Entity recognition identifies critical textual elements like persons, organizations, dates, geographic objects, event extraction reveals speech activities, commercial deals, crimes – or facts like citizenship, employment, family relationships. Powered by cutting-edge natural language processing Compreno technology, ABBYY InfoExtractor recognizes and disambiguates entities and events at the level of their meaning.

Identify relationships between entities and events

Through deep language-based analysis of documents InfoExtractor SDK reveals relations between entities and events. Entitity extraction is important, but recognizing that an entity has been replaced by a pronoun, or tracing its mentioning throughout text, allows you to analyze the whole picture: e.g. to find the deals that link a buyer and a seller and indentify the related financial figures or other information.
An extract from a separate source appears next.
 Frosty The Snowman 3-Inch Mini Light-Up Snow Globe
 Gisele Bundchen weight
Add customized entities for specific cases

To ensure reliable entity recognition, the InfoExtractor enables creation of user ontology dictionaries to extract complicated examples of entities that can be critical for business (e.g. complex names like Aditya Prasad Kola, or organizations like Mengniu). An easy algorithm described in the SDK’s documentation helps to add missing concepts within existing entity types. These new concepts will automatically submit the extraction rules and improve complex cases of entity recognition.

Use custom ontologies for industry solutions

In addition to basic ontologies that enable entity and event extraction for most common domains, industry ontologies for specific industries or processes can also be customized or developed from scratch upon request by ABBYY professional linguistic services.

Work with text regardless of source

ABBYY’s world-famous Optical Character Recognition technology (OCR) is integrated into the InfoExtractor SDK enabling the analysis of scanned files (in tiff, jpeg and other graphic formats) and PDF-documents. Likewise, if large volumes of scanned documents need to be processed the InfoExtractor SDK can be seamlessly integrated with ABBYY Recognition Server.